Durable Goods Orders Jump, Consumer Confidence Rises Most in 13 Years Last 2 Months, New Home Sales Weaken

- Durable Goods Orders for November rose 4.4% versus estimates of a 1.2% increase and a 3.0% gain in October.
- Durables Ex Transportation for November fell .6% versus estimates of a 1.0% gain and a .2% decline in October.
- Final Univ. of Mich. Consumer Confidence for December rose to 91.5 versus estimates of 89.0 and a prior estimate of 88.7.
- New Home Sales for November fell to 1245K versus estimates of 1300K and 1404K in October.
BOTTOM LINE: US orders for durable goods jumped 4.4% in November, the most in six months, propelled by a surge in demand for aircraft, Bloomberg reported. Orders for transportation equipment soared 15.6% versus an 11.2% gain the prior month. Orders for defense hardware plunged 27% in November. Bookings for non-defense capital goods excluding aircraft, a proxy for future business investment, dropped 2% last month. The decline in durables ex transportation is surprising given record low inventory levels. I would expect to see an increase in this number next month.

US consumer confidence rose in December to the highest since July as lower gas prices and a rising stock market gave Americans more money to spend for the holidays, Bloomberg reported. The expectations component of the index soared to 80.2 from 69.6 the prior month. The current conditions component of the index, which is a gauge of Americans’ perception of their financial situation and if it’s a good time to purchase large items such as cars, jumped to 109.1 from 100.2 in November. Consumer confidence has now surged 17.3 percentage points in two months, the biggest two-month gain since the final two months of 1992. I expect consumer confidence to reach cycle highs over the intermediate-term as rising stock prices, low interest rates, an end to the Fed tightening cycle, falling energy prices, a stable job market and lower inflation readings more than offset a slowing housing market, thus leading to a lifting of the irrational pessimism that has developed since the bursting of the stock market bubble and 9/11 terrorist attacks.

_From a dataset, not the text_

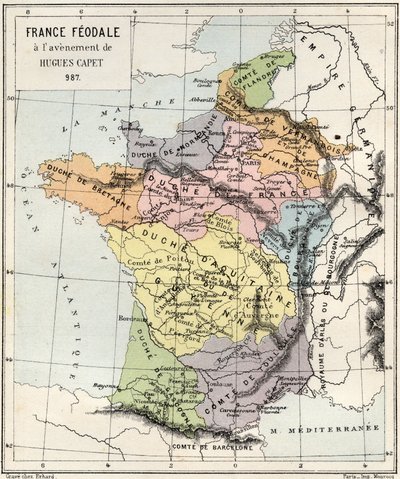Feodalism - Frankrike Feodalism vid Hugues Capets tillkomst - 987 - gravyr från "" Frankrikes historia berättad för mina barnbarn"" - av Francois Guizot - 1872-1876 av French School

US new home sales in November fell as rising mortgage rates and elevated prices discouraged some buyers, Bloomberg reported. Sales fell 11.3% from an all-time high in October, while the median price of a new home rose slightly to $225,200. The supply of new homes at the current sales rate increased to 4.9 months, the most in 9 years. Sales fell 22.1% in the West, 18.3% in the Midwest and 5.5% in the South. Sales rose 13.4% in the Northeast. I continue to expect the housing market to slow to more healthy, sustainable levels from all-time record highs. This will likely lead to a slowing in the overall US economy to average rates from high rates, which will benefit US stocks.